Ran scosse la testa tristemente: "E’ proprio questo il punto, Kazuha chan. Io sono stanca di parlare con una voce anche se si tratta solo di una chiacchierata, figuriamoci di una cosa seria come questa. Vorrei poterlo guardare negli occhi, stare con lui, come una volta..." un altro singhiozzo " E non discutere con una cornetta del telefono. È chiedere troppo?" ricominciò a piangere, il petto scosso da respiri affannosi, Kazuha la abbracciò, cercando di calmare il suo tremito accarezzandole la testa fino alla nuca, su e giù: "Su, su...non piangere Ran chan...fatti forza, ho un’idea..." disse con voce dolce, Ran si asciugò le lacrime e smise di inzupparle la spallina del giacchetto jeans:

"Chiama Kudo e digli di tornare qui." Ran non poté nascondere la delusione:

"Kazuha chan... il problema è che non lascerebbe mai il suo importantissimo caso per..."

"Non deve lasciarlo... digli che vuoi parlargli a quattr’occhi, fagli capire che è davvero importante per te che venga...anche solo per un pomeriggio, o un’ora...e poi è libero di tornare... ma dov’è che sta?" Chiese Kazuha perplessa, e leggendo il suo stesso stato d’animo nell’amica alzò le spalle e riprese: "Poi potrà tornare al suo caso. Se lui accetta e viene potrai parlargli come vuoi tu, anche se in fondo solo il fatto che ha abbandonato tutto perché tu hai bisogno di lui mi sembra che risolva la questione.." le sorrise con affetto, ma Ran non ricambiò, volse lo sguardo al pavimento:

"E se invece non viene capirò che avevo ragione e resterò sulla mia decisione" aggiunse in tono amaro, anche se adesso nel cuore sentiva un barlume di speranza che prima non c’era.

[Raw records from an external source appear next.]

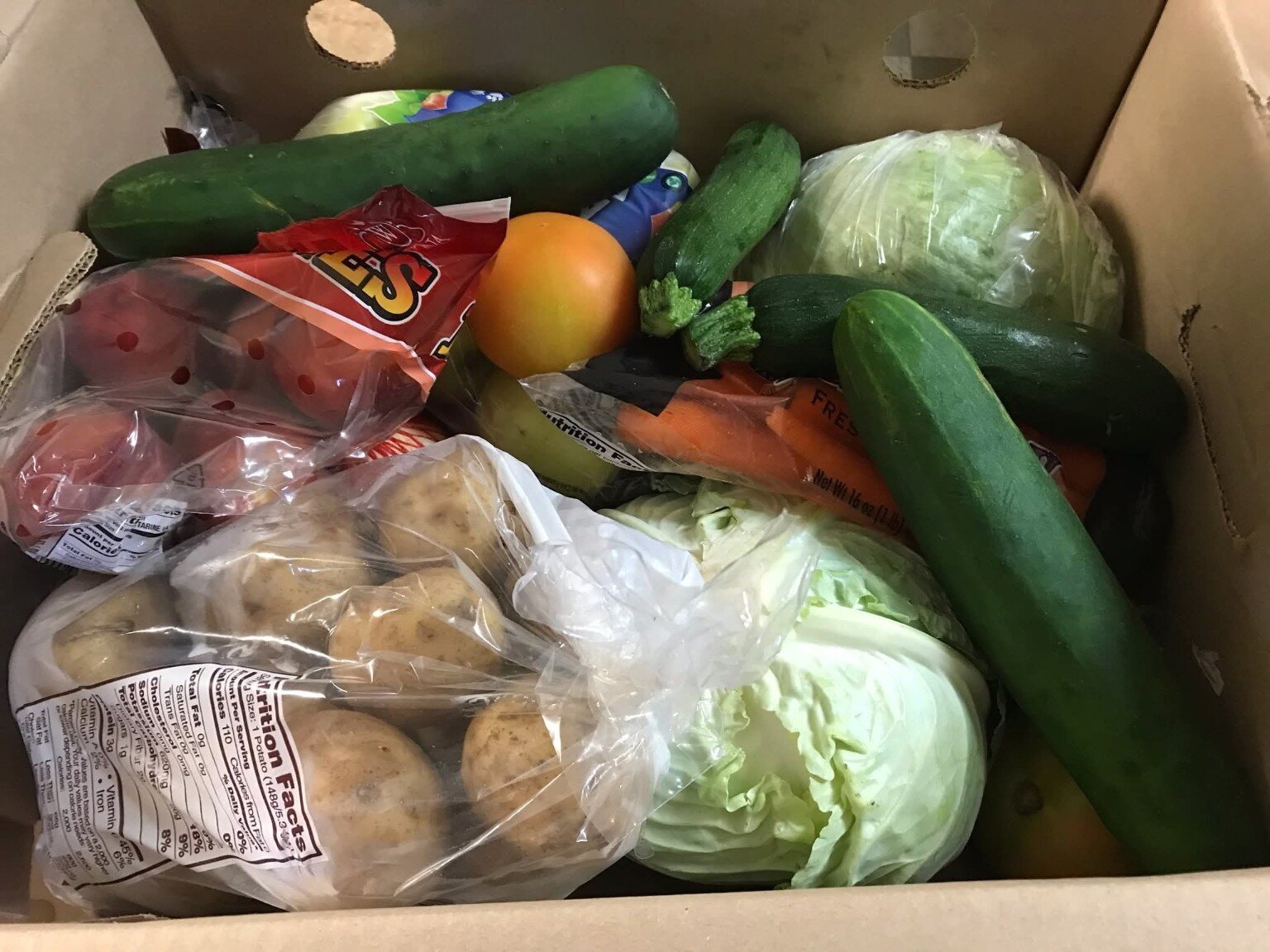 A box filled with fresh vegetables for food distribution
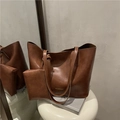 Vintage brown leather tote bag set with matching small pouch in a mirror reflection - Brown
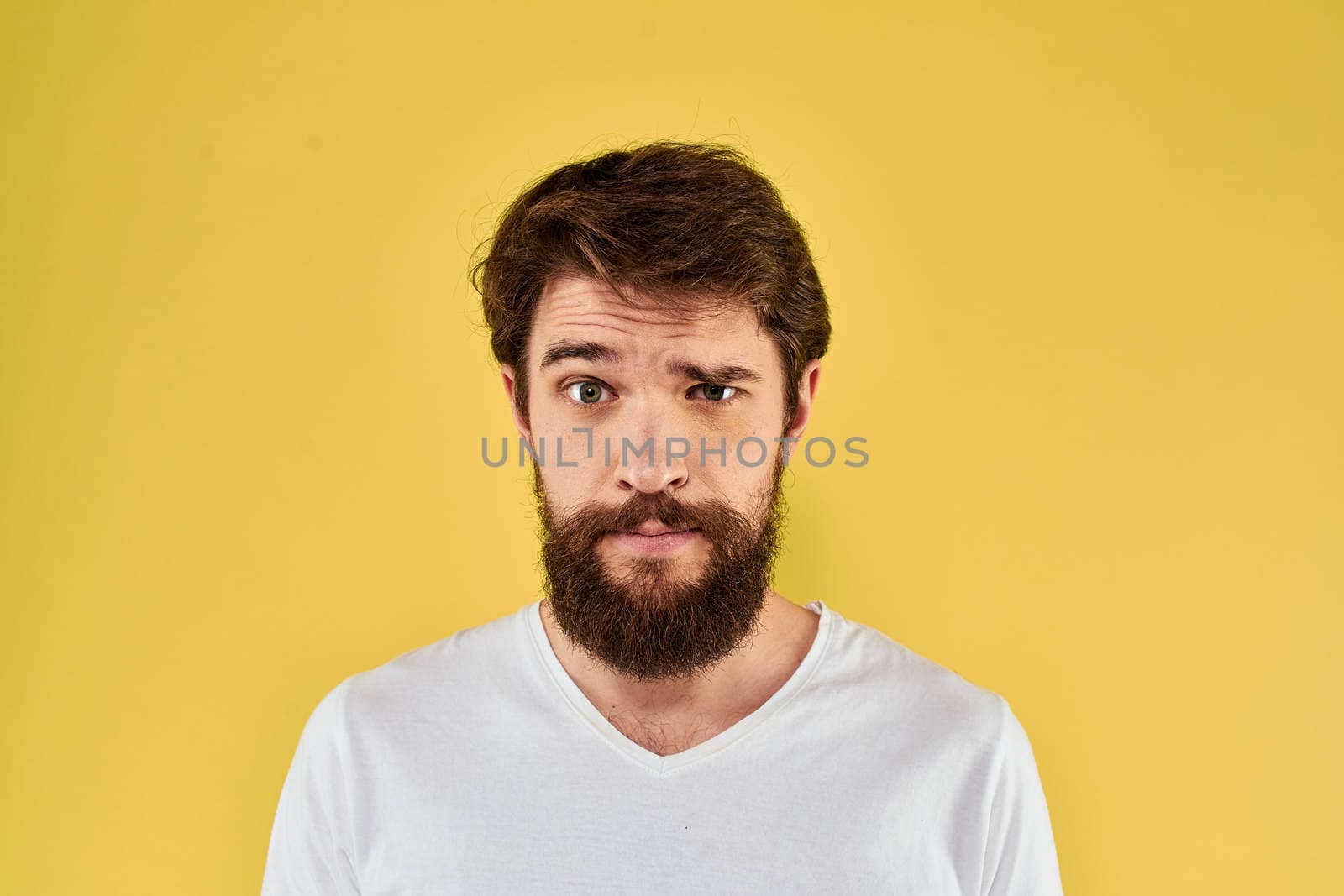 A man in a white t-shirt gestures with his hands lifestyle cropped view yellow background more fun. High quality photo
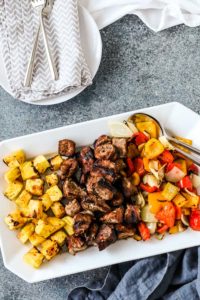 grilled chopped pork, pineapple, and peppers on a white platter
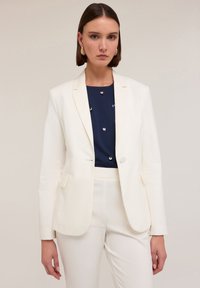 Blazer blanc ajusté avec revers crantés et fermeture �à un bouton, associé à une chemise bleu marine ornée d'accents métalliques et à un pantalon clair.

Kazuha le aveva dato davvero un buon consiglio, sapeva di poter contare sul suo aiuto e adesso si sentiva più sollevata. Sorrise di rimando alla sua amica del Kansai, che smise di cingerla e si sedette di nuovo da piedi al letto, aggiustandosi la gonna con le mani. Data l’atmosfera decisamente più leggera, Kazuha la guardò ammiccando. "Io penso che verrà, in fondo lui è ancora il tuo amato Shinichi no?" Ran arrossì. In effetti aveva ragione, non si può smettere di voler bene ad una persona a comando, e lei desiderava tanto essersi sbagliata, poter parlare con Shinichi dei suoi problemi. Sorrise di rimando a Kazuha, riconoscente del consiglio che le aveva appena dato, poi continuò più confortata:

"Il mio amato Shinichi? ma fammi il favore! Chi potrebbe mai innamorarsi di quel fissato per le indagini?" gridò, ridendo.

"Uhm, fammi pensare.. tu Ran chan?"

"Ma neanche per sogno! Non è vero!" le lanciò addosso il cuscino e Kazuha glielo restituì colpendola in piena faccia. Ran lo tirò di nuovo con forza, Kazuha lo schivò e quello finì dritto addosso a Kogoro, appena entrato nella camera, con uno sfarfallio di piume: "Insomma voi due!"

Gridò l’uomo togliendosi una piuma dai baffi. Le ragazze risero e sulla soglia Conan osservò allibito Ran, senza sapere cosa pensare ma decisamente più riscaldato nel cuore.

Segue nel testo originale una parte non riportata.